WHAT NEEDS TO BE DONE
Each line below from the one containing "Ihmisiä kävelee Slushin käytävillä." through the one containing "Vivo V80 Review: A" should be output exactly as it stands, and no other line should appear.
>>>>
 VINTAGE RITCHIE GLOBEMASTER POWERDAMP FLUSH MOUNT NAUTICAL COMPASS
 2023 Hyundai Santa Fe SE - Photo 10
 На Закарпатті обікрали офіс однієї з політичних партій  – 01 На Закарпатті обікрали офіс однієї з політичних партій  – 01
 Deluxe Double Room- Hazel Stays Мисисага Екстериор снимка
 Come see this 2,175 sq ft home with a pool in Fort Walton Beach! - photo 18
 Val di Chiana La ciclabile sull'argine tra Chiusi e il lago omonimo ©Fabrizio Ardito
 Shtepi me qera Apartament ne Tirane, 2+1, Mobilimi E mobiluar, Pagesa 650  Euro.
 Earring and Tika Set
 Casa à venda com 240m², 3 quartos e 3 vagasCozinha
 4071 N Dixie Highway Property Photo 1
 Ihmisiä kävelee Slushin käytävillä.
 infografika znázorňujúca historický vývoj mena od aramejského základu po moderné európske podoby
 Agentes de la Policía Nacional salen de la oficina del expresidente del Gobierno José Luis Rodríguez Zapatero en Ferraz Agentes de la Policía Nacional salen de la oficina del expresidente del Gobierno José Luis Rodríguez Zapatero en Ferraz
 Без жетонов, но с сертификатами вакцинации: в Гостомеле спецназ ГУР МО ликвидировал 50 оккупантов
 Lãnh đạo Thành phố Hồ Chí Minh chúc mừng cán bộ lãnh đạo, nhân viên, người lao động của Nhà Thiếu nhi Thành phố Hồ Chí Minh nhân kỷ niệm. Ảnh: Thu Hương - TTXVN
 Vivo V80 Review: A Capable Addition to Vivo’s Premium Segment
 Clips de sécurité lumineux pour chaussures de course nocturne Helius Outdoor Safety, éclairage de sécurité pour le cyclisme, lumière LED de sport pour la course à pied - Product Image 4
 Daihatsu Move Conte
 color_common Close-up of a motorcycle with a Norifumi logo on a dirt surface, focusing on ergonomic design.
<<<<
SOLUTION FOR THIS PROBLEM
 Ihmisiä kävelee Slushin käytävillä.
 infografika znázorňujúca historický vývoj mena od aramejského základu po moderné európske podoby
 Agentes de la Policía Nacional salen de la oficina del expresidente del Gobierno José Luis Rodríguez Zapatero en Ferraz Agentes de la Policía Nacional salen de la oficina del expresidente del Gobierno José Luis Rodríguez Zapatero en Ferraz
 Без жетонов, но с сертификатами вакцинации: в Гостомеле спецназ ГУР МО ликвидировал 50 оккупантов
 Lãnh đạo Thành phố Hồ Chí Minh chúc mừng cán bộ lãnh đạo, nhân viên, người lao động của Nhà Thiếu nhi Thành phố Hồ Chí Minh nhân kỷ niệm. Ảnh: Thu Hương - TTXVN
 Vivo V80 Review: A Capable Addition to Vivo’s Premium Segment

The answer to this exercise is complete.